Когда спустя десять дней ожидания и чтения меня вызывают в кабинет для допросов к следователю (он весь в черном), у него на письменном столе громоздятся тетради и папки. Ослепленный, я сощуриваюсь от яркого света, который расточительно щедро изливает в зарешеченное окно май. За окном на Циннензаттеле слоняются люди на фоне обычной ярко-зеленой травы. Мужчины сняли рубашки, женщины и девушки подняли на животах блузки, подоткнули юбки. Им и невдомек, что они с нами делают.
На правой стороне стола я узнаю собственные дневники, уложенные стопкой в хронологическом порядке.

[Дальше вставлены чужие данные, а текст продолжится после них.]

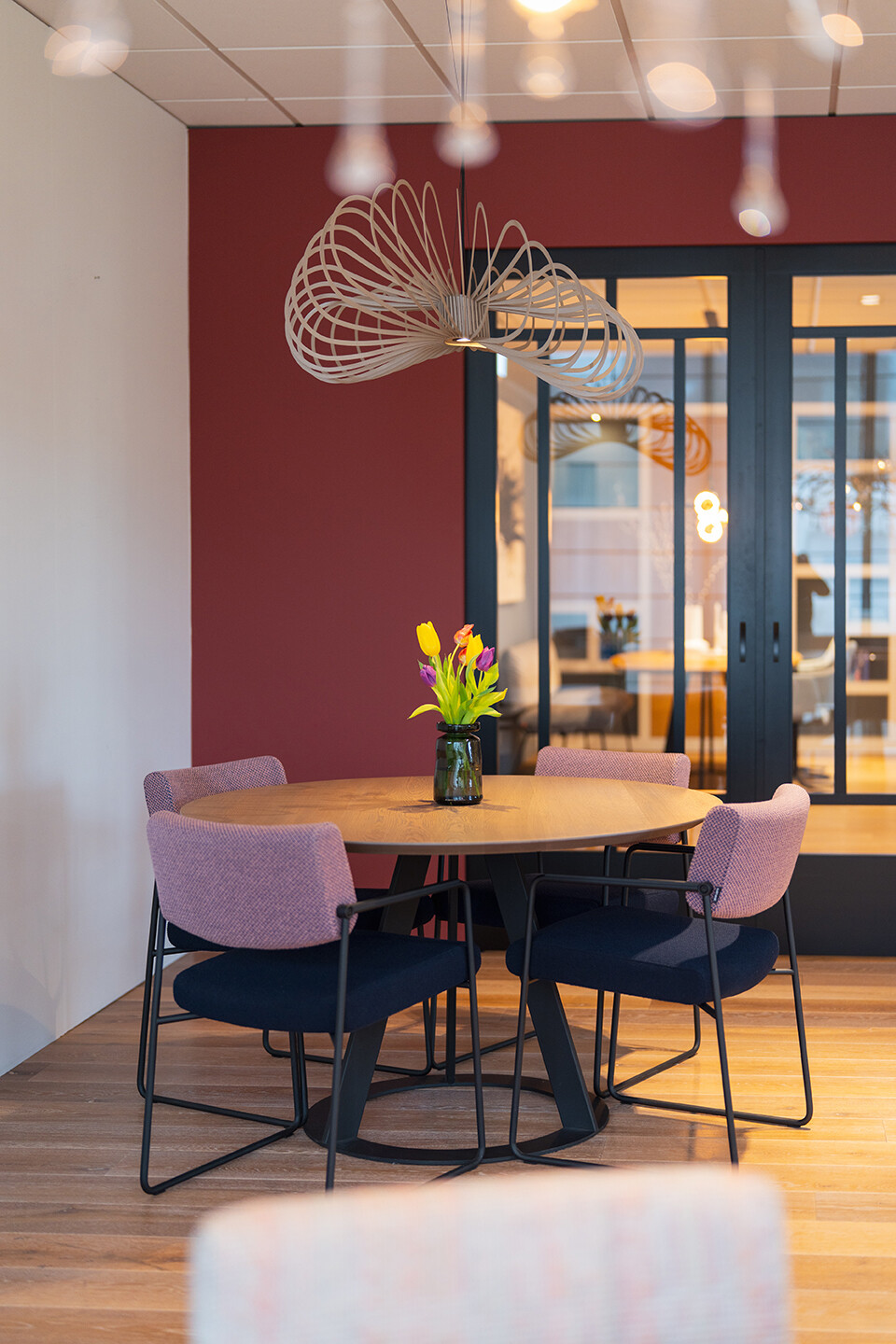 Nieuwbouw woning inrichting met eettafel en kamer-en-suite in Alphen Aan Den Rijn, Zoetermeer, Gouda en omstreken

В самом низу тетрадочка в зеленой обложке, относящаяся к тем временам, когда меня, двенадцатилетнего, переселили к бабушке в Германштадт и я целый год ходил там в школу имени Брукенталя. День за днем я поверял дневнику свои детские секреты: что приготовила на обед бабушка – а это были блюда по кулинарным рецептам Первой мировой, пахли они фантастически, а на вкус так себе. Я угрюмо записывал, как перед обедом и ужином она каждый раз, словно одержимая, терла мои «лапы» щеткой для ногтей, – микробы так и сыпались. Я вносил в дневник свои школьные отметки, и они постепенно улучшались, так что никто больше не осмеливался назвать меня «дурачком из Фогараша». Я исповедовался белым страницам в том, что за спиной у бабушки и дедушки или под одеялом тайно читал «Польскую кровь» Натали фон Эшструт и «На высоких белоснежных вершинах» Грабайна[173]. А еще записал дрожащей рукой, как, съезжая на санках к казарме, что на месте засыпанного Кемпельского пруда, чуть было не сбил в воротах городской стены девочку не старше меня и та в сумерках замерла и неподвижно, долго-долго глядела на меня странным взглядом серых глаз, а я на нее. Сейчас все это – неоспоримые свидетельства моей вины, лежащие на столе в Секуритате.
Школьные годы в Фогараше охватывают две толстые тетради в клетчатой обложке. История моего лучшего друга Иоганна Адольфа Бединера и ее необъяснимый конец. И Рената Зигрид.
Выше в стопке колет глаза чрезмерно роскошный дневник, подаренный бабушкой ко дню конфирмации: в кожаном переплете, отделанном бордовым бархатом, замочек на нем сейчас сломан. Там описаны мрачные годы после прихода русских, которые принесли с собой депортацию, одиночество и смерть. И необычайное пребывание в румынском лицее имени Раду Негру Водэ.
О последних классах до экзаменов на аттестат зрелости в Кронштадте в школе имени Хонтеруса рассказывает тетрадь в синей клеенчатой обложке, подарок Армгард.
И наконец мои студенческие дневники – целая стопка тетрадей, которые я по большей части кое-как сшил сам из старой бумаги с водяным знаком нашей фирмы.